BRIEF
An unchanged copy of each entry below is needed; keep the pictures out of it.

Excerpts from a dataset:
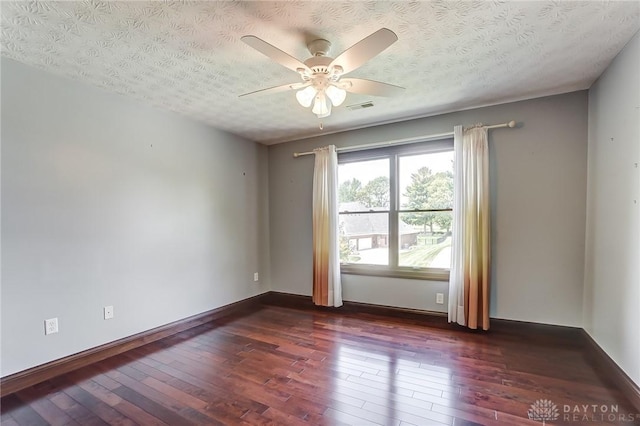 empty room with a textured ceiling, ceiling fan, dark wood-style flooring, and visible vents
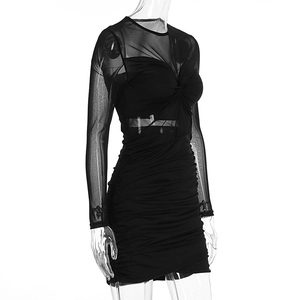 Detail of ruched black mini dress with sheer mesh sleeves and waist cut-out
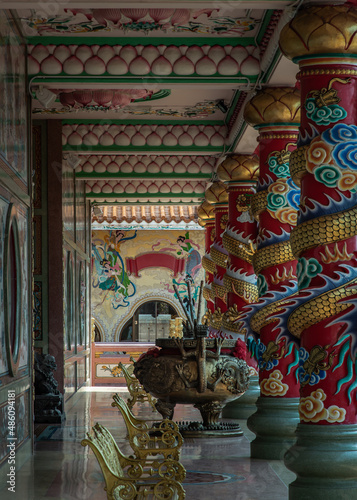 The magnificent of Chinese-style temple corridor with sculptured dragons pillars, Large incense burner decorated with dragon pattern and has Gold metal benchs for relaxation. Wihan Thep Sathit Phra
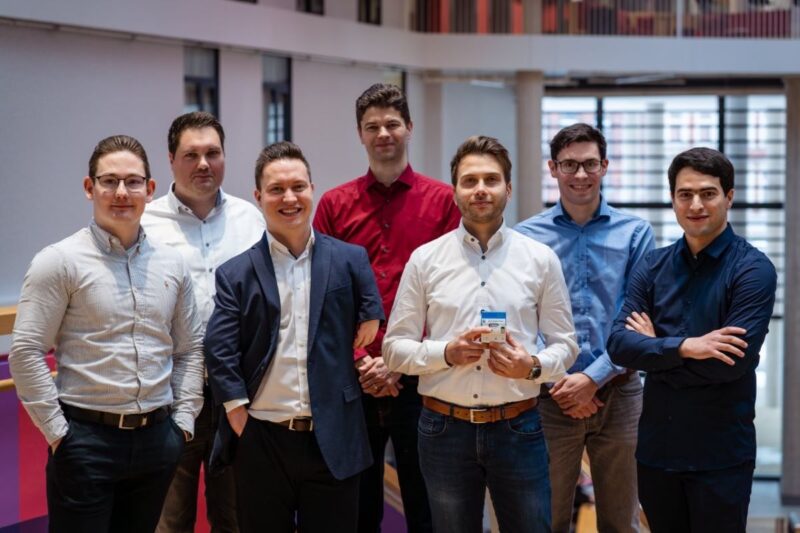 Sieben junge Männer im legeren Business-Outfit im Büroumfeld.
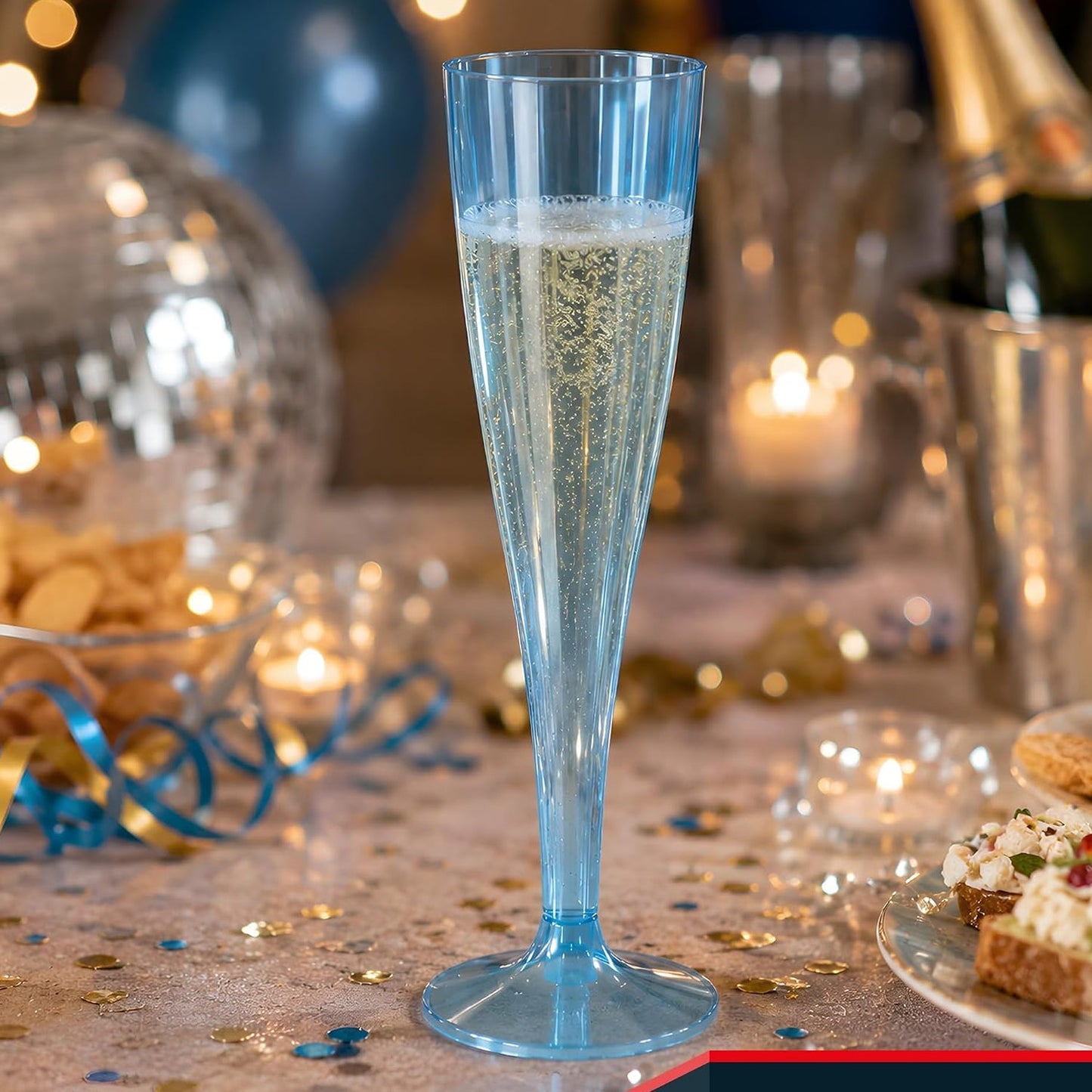 A blue plastic champagne flute filled with bubbly liquid on a festive table with party decorations.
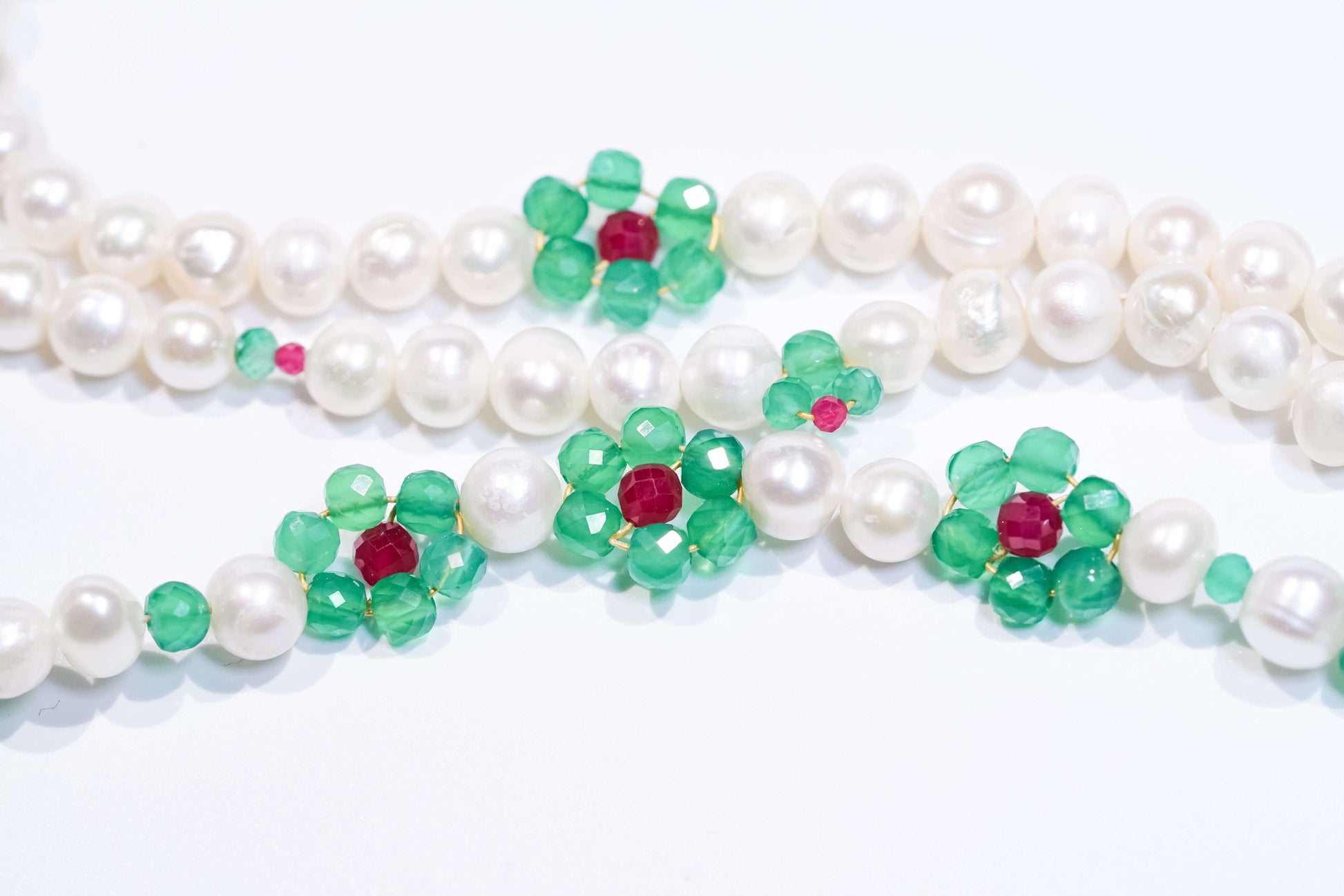 Pearl-green agate and ruby cross-body phone strap/necklace with floral design and natural pearls.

RESPONSE TO THIS TASK
 empty room with a textured ceiling, ceiling fan, dark wood-style flooring, and visible vents
 Detail of ruched black mini dress with sheer mesh sleeves and waist cut-out
 The magnificent of Chinese-style temple corridor with sculptured dragons pillars, Large incense burner decorated with dragon pattern and has Gold metal benchs for relaxation. Wihan Thep Sathit Phra
 Sieben junge Männer im legeren Business-Outfit im Büroumfeld.
 A blue plastic champagne flute filled with bubbly liquid on a festive table with party decorations.
 Pearl-green agate and ruby cross-body phone strap/necklace with floral design and natural pearls.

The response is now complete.